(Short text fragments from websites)
·····

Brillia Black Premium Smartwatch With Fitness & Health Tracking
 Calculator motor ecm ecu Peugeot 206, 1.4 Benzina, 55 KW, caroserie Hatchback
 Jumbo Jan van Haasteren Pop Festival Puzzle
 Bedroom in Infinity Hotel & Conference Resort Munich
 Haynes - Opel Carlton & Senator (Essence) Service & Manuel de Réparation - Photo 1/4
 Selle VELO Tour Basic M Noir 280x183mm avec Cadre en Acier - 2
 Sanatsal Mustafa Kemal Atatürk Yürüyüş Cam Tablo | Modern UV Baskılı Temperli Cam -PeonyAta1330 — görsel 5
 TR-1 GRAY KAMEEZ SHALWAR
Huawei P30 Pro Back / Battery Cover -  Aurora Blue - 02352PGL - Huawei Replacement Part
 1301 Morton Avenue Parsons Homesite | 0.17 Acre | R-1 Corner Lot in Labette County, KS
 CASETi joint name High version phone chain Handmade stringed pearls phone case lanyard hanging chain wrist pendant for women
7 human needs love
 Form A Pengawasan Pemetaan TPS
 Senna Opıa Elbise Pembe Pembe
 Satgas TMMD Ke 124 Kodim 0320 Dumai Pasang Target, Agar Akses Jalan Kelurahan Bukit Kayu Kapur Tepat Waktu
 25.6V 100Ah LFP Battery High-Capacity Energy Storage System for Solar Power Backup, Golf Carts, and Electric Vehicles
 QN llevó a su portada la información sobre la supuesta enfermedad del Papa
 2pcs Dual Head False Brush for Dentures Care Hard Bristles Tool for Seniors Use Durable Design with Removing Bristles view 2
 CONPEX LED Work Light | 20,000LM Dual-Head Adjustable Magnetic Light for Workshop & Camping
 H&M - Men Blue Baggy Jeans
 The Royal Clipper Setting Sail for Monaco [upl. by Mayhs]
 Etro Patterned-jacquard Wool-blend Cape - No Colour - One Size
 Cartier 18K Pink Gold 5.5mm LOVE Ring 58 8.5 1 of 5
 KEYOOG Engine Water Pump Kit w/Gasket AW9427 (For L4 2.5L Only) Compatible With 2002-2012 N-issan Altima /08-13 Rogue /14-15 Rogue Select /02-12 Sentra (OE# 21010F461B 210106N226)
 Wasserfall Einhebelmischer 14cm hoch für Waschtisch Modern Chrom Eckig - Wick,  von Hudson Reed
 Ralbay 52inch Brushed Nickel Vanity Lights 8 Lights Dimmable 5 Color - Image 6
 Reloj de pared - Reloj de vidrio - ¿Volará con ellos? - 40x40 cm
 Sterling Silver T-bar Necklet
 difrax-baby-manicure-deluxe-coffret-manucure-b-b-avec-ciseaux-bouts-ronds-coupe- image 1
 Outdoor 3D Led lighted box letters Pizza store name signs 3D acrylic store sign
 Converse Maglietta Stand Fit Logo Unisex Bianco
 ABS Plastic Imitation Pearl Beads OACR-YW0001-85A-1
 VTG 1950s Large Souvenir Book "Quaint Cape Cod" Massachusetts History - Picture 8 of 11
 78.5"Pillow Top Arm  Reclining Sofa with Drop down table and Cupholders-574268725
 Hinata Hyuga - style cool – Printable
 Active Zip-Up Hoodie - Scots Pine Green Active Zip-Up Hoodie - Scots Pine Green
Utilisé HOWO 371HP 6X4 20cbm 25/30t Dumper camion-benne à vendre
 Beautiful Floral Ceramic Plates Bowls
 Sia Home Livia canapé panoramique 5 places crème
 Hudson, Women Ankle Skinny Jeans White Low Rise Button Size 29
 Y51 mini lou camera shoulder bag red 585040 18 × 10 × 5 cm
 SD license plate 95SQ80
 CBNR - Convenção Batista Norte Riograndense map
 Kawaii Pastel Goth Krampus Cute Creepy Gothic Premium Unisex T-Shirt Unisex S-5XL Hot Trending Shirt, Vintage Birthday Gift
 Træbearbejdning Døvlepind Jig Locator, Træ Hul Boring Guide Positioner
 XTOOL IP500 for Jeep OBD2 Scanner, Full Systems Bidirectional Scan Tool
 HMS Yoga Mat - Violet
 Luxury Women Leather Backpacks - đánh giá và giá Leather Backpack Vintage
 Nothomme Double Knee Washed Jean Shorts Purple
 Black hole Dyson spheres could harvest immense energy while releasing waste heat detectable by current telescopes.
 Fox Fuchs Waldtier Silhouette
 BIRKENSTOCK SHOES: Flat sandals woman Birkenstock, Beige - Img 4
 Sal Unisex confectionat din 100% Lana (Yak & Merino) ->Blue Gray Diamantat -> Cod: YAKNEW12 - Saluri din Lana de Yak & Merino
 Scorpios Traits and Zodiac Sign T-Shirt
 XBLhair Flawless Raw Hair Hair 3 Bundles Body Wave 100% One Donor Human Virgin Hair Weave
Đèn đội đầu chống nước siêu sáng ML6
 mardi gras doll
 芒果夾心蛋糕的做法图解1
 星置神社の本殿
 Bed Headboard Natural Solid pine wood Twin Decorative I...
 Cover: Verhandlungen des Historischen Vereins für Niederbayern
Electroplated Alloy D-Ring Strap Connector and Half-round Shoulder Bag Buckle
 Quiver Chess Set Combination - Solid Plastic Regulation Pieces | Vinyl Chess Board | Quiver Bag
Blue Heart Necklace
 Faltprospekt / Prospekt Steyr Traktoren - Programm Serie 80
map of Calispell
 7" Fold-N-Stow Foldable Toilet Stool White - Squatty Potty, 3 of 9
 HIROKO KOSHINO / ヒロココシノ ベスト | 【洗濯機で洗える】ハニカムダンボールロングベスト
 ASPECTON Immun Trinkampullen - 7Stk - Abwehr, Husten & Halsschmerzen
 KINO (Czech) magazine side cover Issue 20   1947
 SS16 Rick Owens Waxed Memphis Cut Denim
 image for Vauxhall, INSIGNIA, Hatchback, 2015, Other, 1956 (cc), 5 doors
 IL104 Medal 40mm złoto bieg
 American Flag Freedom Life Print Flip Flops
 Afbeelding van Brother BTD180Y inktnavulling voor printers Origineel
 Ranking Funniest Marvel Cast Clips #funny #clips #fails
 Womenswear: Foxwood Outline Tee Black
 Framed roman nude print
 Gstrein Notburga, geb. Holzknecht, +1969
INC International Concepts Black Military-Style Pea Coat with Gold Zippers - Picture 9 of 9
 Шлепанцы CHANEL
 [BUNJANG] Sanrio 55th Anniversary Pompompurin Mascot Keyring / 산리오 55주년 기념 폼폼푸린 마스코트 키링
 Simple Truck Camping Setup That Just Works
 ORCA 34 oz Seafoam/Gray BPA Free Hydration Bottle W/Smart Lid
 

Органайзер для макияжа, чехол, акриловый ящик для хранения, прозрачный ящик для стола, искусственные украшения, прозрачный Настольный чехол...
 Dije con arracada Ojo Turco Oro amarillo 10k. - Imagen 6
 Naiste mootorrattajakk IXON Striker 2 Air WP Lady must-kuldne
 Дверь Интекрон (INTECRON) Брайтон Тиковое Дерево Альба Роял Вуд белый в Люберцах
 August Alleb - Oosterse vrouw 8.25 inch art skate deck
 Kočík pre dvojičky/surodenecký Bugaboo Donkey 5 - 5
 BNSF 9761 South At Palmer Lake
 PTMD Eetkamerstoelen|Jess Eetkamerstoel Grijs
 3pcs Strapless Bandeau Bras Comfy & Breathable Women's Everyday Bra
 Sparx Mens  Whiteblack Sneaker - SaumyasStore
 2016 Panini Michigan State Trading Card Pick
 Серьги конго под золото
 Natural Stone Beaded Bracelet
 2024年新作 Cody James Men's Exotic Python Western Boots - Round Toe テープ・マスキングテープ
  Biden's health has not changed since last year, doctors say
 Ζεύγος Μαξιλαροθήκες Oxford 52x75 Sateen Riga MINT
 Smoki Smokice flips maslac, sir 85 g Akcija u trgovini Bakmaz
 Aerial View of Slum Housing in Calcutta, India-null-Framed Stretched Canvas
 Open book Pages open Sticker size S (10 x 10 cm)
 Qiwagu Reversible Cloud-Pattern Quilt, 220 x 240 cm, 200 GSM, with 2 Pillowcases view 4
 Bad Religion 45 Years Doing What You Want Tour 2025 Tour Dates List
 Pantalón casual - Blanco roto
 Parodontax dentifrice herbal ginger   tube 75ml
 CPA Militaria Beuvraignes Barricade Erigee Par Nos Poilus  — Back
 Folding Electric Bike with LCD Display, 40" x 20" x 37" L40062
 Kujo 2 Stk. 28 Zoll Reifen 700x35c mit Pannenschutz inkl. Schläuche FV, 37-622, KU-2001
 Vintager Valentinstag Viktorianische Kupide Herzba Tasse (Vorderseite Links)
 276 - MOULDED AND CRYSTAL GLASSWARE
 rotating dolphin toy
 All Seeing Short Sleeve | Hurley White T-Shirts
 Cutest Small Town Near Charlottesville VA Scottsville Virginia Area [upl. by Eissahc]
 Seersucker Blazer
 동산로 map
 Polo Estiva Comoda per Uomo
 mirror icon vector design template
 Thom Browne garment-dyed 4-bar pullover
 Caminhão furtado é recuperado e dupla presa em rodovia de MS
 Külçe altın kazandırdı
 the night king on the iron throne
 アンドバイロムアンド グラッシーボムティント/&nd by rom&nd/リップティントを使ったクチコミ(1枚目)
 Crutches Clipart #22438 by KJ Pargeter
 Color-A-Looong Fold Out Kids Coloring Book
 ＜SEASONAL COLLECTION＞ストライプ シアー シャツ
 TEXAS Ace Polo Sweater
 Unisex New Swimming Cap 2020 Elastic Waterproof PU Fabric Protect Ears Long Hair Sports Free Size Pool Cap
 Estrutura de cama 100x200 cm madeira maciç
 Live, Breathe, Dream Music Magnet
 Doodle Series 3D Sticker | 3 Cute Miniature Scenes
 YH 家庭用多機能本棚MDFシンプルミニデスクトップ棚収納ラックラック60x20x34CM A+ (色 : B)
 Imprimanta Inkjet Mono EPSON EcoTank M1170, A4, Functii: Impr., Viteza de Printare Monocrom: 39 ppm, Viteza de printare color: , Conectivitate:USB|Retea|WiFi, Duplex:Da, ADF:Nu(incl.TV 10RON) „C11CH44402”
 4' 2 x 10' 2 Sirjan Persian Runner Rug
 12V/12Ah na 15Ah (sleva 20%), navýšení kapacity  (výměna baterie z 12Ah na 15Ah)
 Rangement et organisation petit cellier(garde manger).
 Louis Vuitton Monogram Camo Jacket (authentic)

·····

■ Directions for this task:
Copy, character for character, the lines from the line that holds "12V/12Ah na 15Ah" through the final line of the records above.

■ Output of the exercise:
 12V/12Ah na 15Ah (sleva 20%), navýšení kapacity  (výměna baterie z 12Ah na 15Ah)
 Rangement et organisation petit cellier(garde manger).
 Louis Vuitton Monogram Camo Jacket (authentic)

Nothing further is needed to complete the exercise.